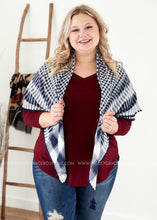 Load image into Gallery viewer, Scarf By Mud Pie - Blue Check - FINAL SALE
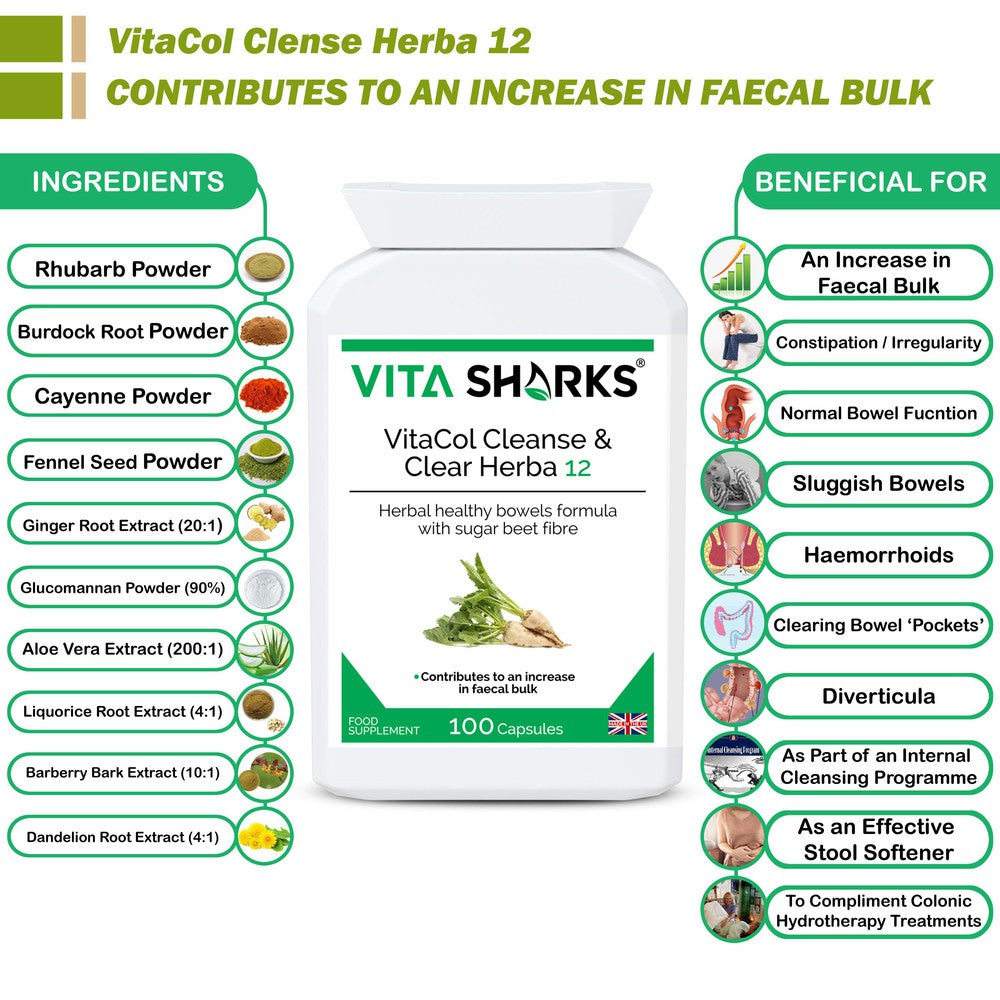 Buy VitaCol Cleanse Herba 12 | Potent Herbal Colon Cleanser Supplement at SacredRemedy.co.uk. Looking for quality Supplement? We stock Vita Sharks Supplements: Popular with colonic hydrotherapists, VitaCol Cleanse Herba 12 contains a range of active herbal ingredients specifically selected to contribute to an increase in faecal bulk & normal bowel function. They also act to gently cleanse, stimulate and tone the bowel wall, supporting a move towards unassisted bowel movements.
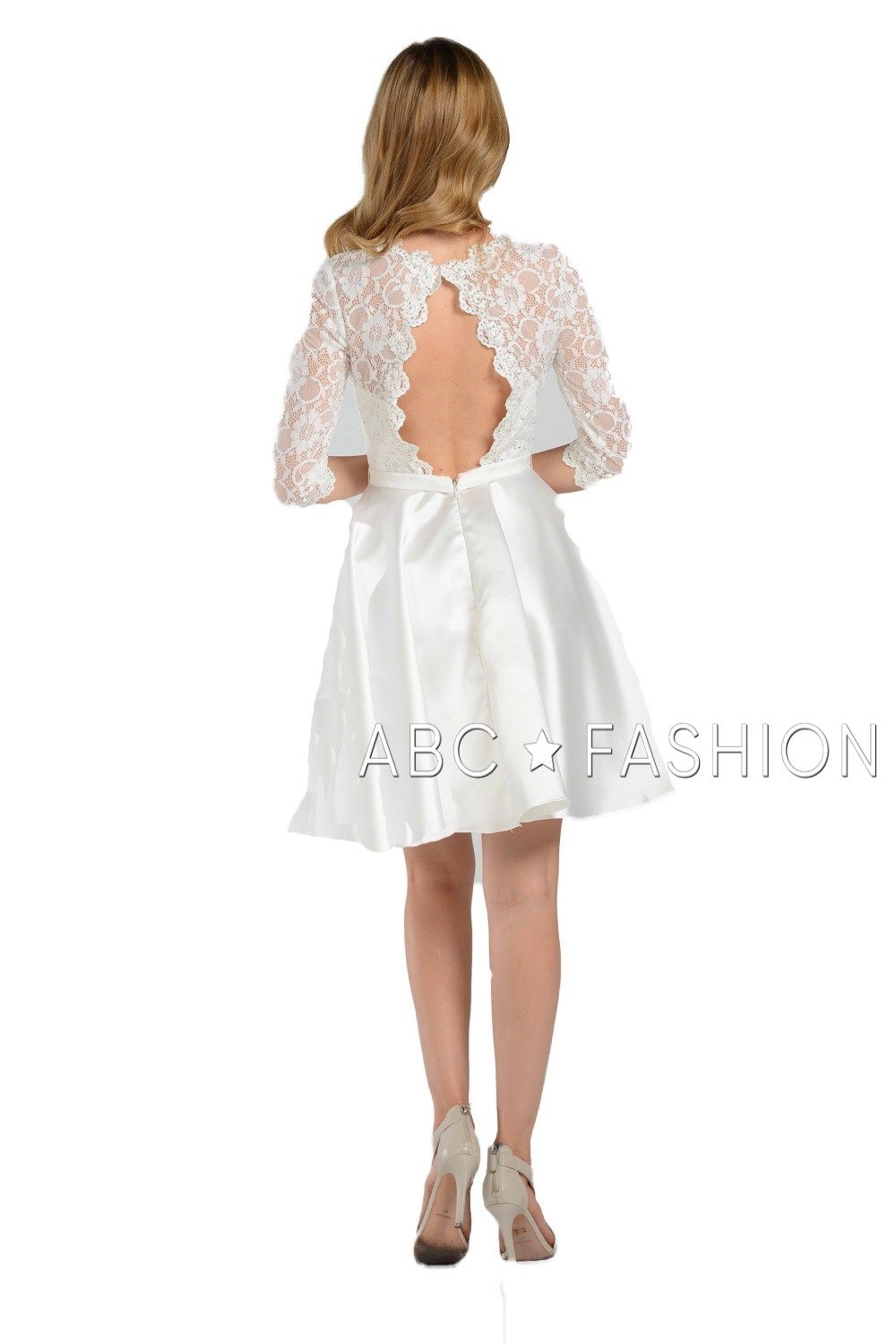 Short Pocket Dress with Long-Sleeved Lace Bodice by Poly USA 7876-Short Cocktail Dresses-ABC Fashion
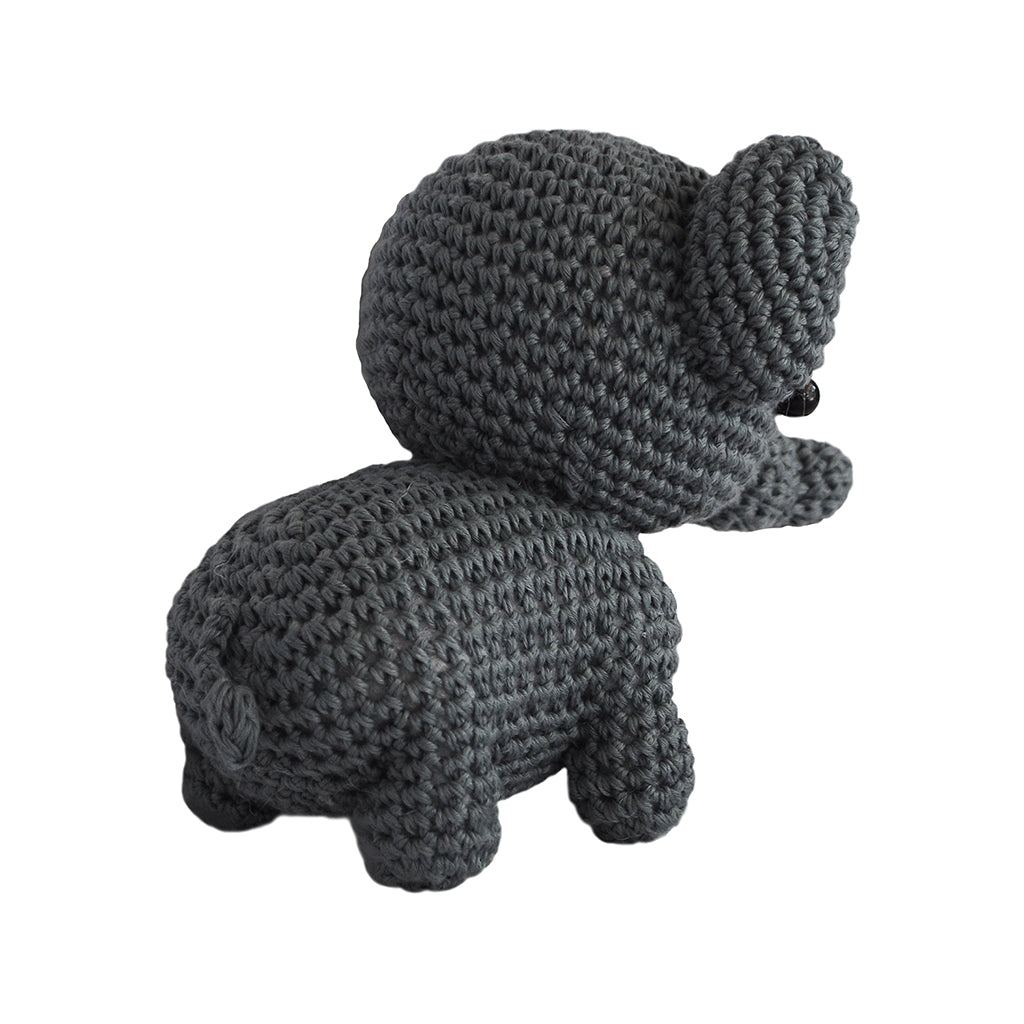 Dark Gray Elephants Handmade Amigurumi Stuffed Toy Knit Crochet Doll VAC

● ● ● ● ● ● ●

## EXERCISE GOAL:
With the pictures removed, return the full listing exactly as given.

## RESPONSE TO THIS TASK:
 Load image into Gallery viewer, Scarf By Mud Pie - Blue Check - FINAL SALE
 Buy VitaCol Cleanse Herba 12 | Potent Herbal Colon Cleanser Supplement at SacredRemedy.co.uk. Looking for quality Supplement? We stock Vita Sharks Supplements: Popular with colonic hydrotherapists, VitaCol Cleanse Herba 12 contains a range of active herbal ingredients specifically selected to contribute to an increase in faecal bulk & normal bowel function. They also act to gently cleanse, stimulate and tone the bowel wall, supporting a move towards unassisted bowel movements.
 Short Pocket Dress with Long-Sleeved Lace Bodice by Poly USA 7876-Short Cocktail Dresses-ABC Fashion
 Dark Gray Elephants Handmade Amigurumi Stuffed Toy Knit Crochet Doll VAC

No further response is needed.